Stored entries
================================

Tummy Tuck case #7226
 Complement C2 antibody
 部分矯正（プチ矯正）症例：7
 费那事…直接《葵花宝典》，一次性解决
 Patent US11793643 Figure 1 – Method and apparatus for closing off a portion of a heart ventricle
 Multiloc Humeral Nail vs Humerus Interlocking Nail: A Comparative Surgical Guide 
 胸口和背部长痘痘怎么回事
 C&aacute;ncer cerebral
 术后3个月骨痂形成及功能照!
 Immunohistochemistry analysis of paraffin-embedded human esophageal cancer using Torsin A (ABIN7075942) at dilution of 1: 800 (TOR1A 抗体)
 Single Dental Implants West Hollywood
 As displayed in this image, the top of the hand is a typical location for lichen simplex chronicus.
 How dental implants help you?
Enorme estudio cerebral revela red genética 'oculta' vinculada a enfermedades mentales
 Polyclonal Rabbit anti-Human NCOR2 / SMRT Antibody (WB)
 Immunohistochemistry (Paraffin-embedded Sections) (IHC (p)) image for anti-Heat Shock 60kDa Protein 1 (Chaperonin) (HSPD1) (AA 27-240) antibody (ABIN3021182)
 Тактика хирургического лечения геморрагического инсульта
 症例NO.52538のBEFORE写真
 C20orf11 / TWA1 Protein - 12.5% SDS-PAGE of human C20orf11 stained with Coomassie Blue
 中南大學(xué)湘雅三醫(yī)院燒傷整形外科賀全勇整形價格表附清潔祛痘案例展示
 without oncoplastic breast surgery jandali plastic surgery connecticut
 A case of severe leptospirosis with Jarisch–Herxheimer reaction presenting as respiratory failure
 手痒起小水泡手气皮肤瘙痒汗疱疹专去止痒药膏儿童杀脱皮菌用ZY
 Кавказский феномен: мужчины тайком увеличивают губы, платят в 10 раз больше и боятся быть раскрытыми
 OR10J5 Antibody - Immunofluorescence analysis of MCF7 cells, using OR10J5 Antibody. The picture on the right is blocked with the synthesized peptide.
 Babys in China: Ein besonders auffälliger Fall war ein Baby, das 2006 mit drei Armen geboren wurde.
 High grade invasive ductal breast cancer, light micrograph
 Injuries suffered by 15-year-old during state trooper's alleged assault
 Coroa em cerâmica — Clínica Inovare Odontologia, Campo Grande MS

================================

Action item
Transcribe every record exactly.

Reply to the exercise
Tummy Tuck case #7226
 Complement C2 antibody
 部分矯正（プチ矯正）症例：7
 费那事…直接《葵花宝典》，一次性解决
 Patent US11793643 Figure 1 – Method and apparatus for closing off a portion of a heart ventricle
 Multiloc Humeral Nail vs Humerus Interlocking Nail: A Comparative Surgical Guide 
 胸口和背部长痘痘怎么回事
 C&aacute;ncer cerebral
 术后3个月骨痂形成及功能照!
 Immunohistochemistry analysis of paraffin-embedded human esophageal cancer using Torsin A (ABIN7075942) at dilution of 1: 800 (TOR1A 抗体)
 Single Dental Implants West Hollywood
 As displayed in this image, the top of the hand is a typical location for lichen simplex chronicus.
 How dental implants help you?
Enorme estudio cerebral revela red genética 'oculta' vinculada a enfermedades mentales
 Polyclonal Rabbit anti-Human NCOR2 / SMRT Antibody (WB)
 Immunohistochemistry (Paraffin-embedded Sections) (IHC (p)) image for anti-Heat Shock 60kDa Protein 1 (Chaperonin) (HSPD1) (AA 27-240) antibody (ABIN3021182)
 Тактика хирургического лечения геморрагического инсульта
 症例NO.52538のBEFORE写真
 C20orf11 / TWA1 Protein - 12.5% SDS-PAGE of human C20orf11 stained with Coomassie Blue
 中南大學(xué)湘雅三醫(yī)院燒傷整形外科賀全勇整形價格表附清潔祛痘案例展示
 without oncoplastic breast surgery jandali plastic surgery connecticut
 A case of severe leptospirosis with Jarisch–Herxheimer reaction presenting as respiratory failure
 手痒起小水泡手气皮肤瘙痒汗疱疹专去止痒药膏儿童杀脱皮菌用ZY
 Кавказский феномен: мужчины тайком увеличивают губы, платят в 10 раз больше и боятся быть раскрытыми
 OR10J5 Antibody - Immunofluorescence analysis of MCF7 cells, using OR10J5 Antibody. The picture on the right is blocked with the synthesized peptide.
 Babys in China: Ein besonders auffälliger Fall war ein Baby, das 2006 mit drei Armen geboren wurde.
 High grade invasive ductal breast cancer, light micrograph
 Injuries suffered by 15-year-old during state trooper's alleged assault
 Coroa em cerâmica — Clínica Inovare Odontologia, Campo Grande MS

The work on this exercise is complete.